With the massive hole Hayward left in Boston’s roster due to his injury, the Celtics are going to have to turn to some unlikely performers throughout the season to pick up the slack. Bird didn’t light up the scoreboard or stuff his stat sheet, posting just three points and one rebound in 13 minutes of play. But down the stretch in a close game against the Philadelphia 76ers Friday night, Bird came up big on defense.

As the Celtics trailed the Sixers 61-53 with six minutes remaining in the third quarter, Bird subbed in for Jaylen Brown and was tasked with guarding J.J. Redick, who was in the midst of carrying Philadelphia with his lights out shooting.

After wiping away the Sixers lead and gaining an 86-84 advantage in the fourth quarter, the Celtics still had Bird sticking Redick. The Sixers’ shooting guard — and highest paid player — rose up for another three-point attempt which would’ve given Philadelphia a late lead and a momentum shift at home with a raucous crowd behind them. Only this time, Bird’s hand was in his face and the shot attempt didn’t find the back of the net.

In a big-time moment on the road, for a team facing a potential three-game losing streak to start the season, the unlikely rookie answered the call.

“Like I said before, he’s one of the best shooters in the NBA, really good perimeter scorer,” Bird said of Redick. “For the team to trust me with that responsibility, with us being down on the road needing to get a win, I was hyped up and ready to go. I was ready for the challenge.”

Placing such a responsibility like guarding Redick on a night where it seemed like the Sixers marksman couldn’t miss on a player who was sitting on his couch three nights ago seems like a bold strategy. Head coach Brad Stevens, however, knew what he was doing.

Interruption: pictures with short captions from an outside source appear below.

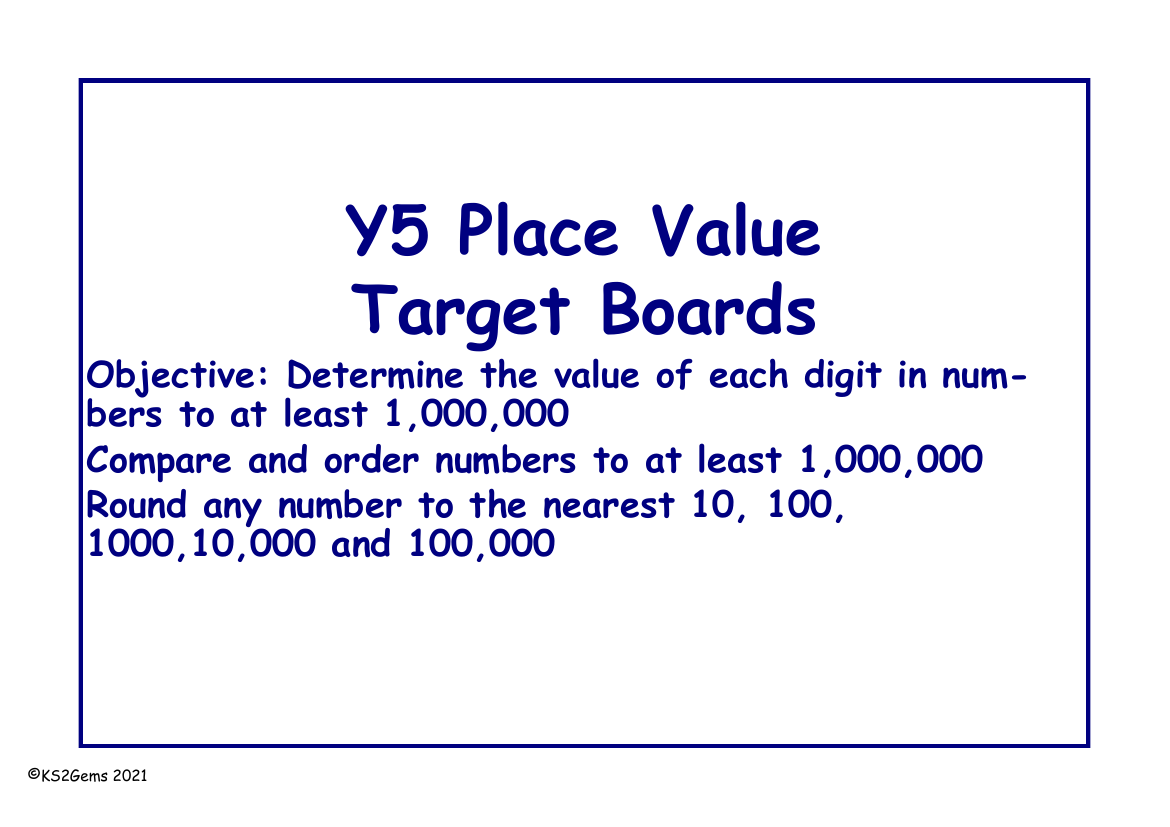 Place Value Target Boards - Ordering and Rounding 2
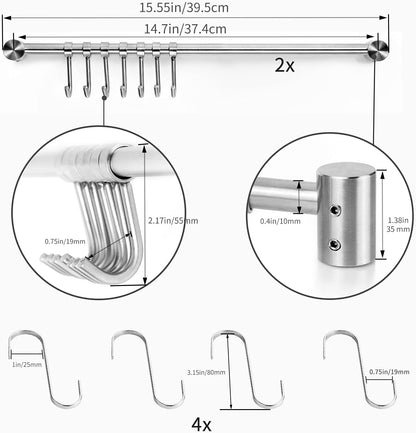 Kitchen Utensil Rack 2PCS, 15.6” Pot & Pan Hanging Rack Wall Mount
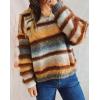 imageCHARTOU Women Stripes Gradient Knit Sweater Pullover Trendy 2025 Outfits Fuzzy Long Sleeve Jumper TopYellow
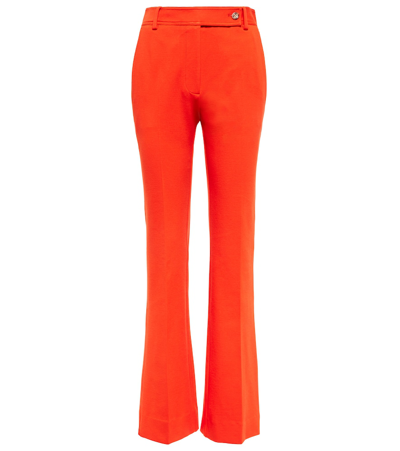 Victoria Beckham Trompette Regular-fit Straight-leg High-rise Stretch-woven Trousers In Red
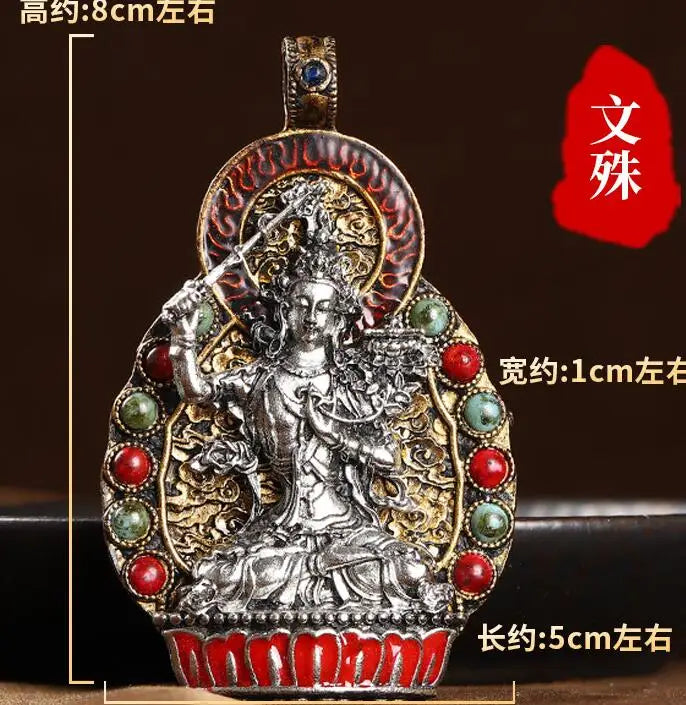Tibet Buddhism Bronze Turquoise Silver Wenshu Manjushri Guan Yin Pendant Statue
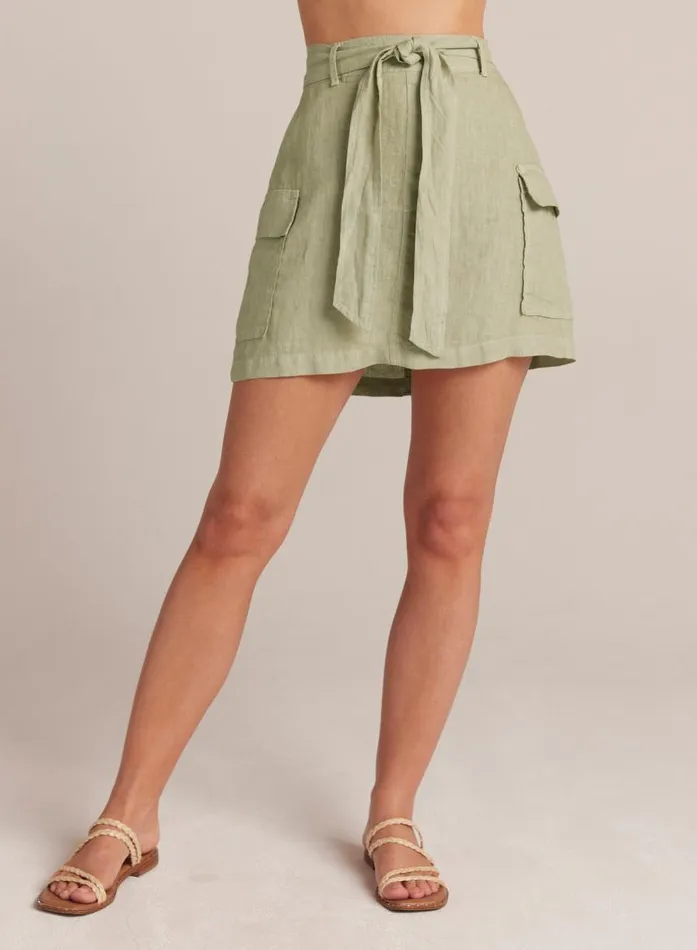 Bella Dahl Linen Cargo Mini Skirt 8211 Pale Palm Women Skirts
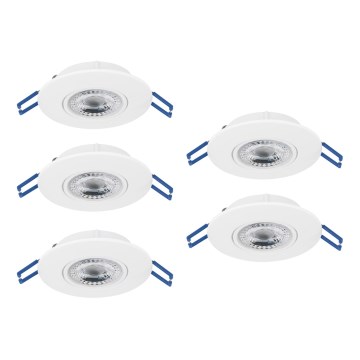 Eglo - Set de 5 spoturi LED încastrate, 4,9 W, 230 V, 2700/4000/6500 K, Ø 9 cm, alb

“All the way through preseason and training camp I felt like he was one of our better perimeter defenders,” Stevens said. “I think he has huge upside. His rebounding spoke for itself in preseason practices. His ability to guard off the ball, especially shooters coming off screens is just really good. He’s not afraid, and you knew he’d step up.”

Going from the couch to a red-eye flight from California to Boston, to the bench in Milwaukee, to the court in Philadelphia is nothing short of a whirlwind experience. With such a series of events, it’s hard to be coached into that moment. As a player, sometimes you have to just go out and play.

“I wasn’t prepared at all for tonight. Mentally I just had to lock into the game,” Bird said. “Coach just looked at me and said ‘Bird get Jaylen.’ ‘Alright.’ So that’s what I did.”

After signing Hayward to $127 million contract this summer, the Celtics were expecting the small forward to provide an elite scoring 1-2 scoring punch with Kyrie Irving. Obviously, at least for this season, Boston will need to move forward without that possibility. An opening night loss, followed by another defeat to Milwaukee the following night, had the Celtics 0-2 heading into Philadelphia and searching for answers a lot sooner than they may have anticipated just a week ago.

Bird’s journey during his first week in professional basketball represents how quickly things can change, and how the ripple effects of injuries and other moves have far outreaching waves.

“I was already packed, I was ready to go to the G-League,” Bird said. “We had training camp coming up. My bags were already packed, I was ready to get out the house. Then I got the call to go to Boston and I was like alright I’m ready to go, just gimmie a flight. And that’s what happened.”

All-star point guard, and Bird’s new teammate, Kyrie Irving doesn’t foresee the rookie leaving the clubhouse anytime soon. With the adversity the Boston Celtics have felt in the first week of the 2017-18 season, Bird’s addition and impact are a prime example of being ready when your number is called, and the culture this team is looking to create.

“Jabari is now probably gonna be on every trip with us,” Irving said. “Guys are gonna be called up and called upon to be ready to play. We just have to have that expectation that when we come into the game we’re gonna be able to play, and we trust one another and have each other’s backs.”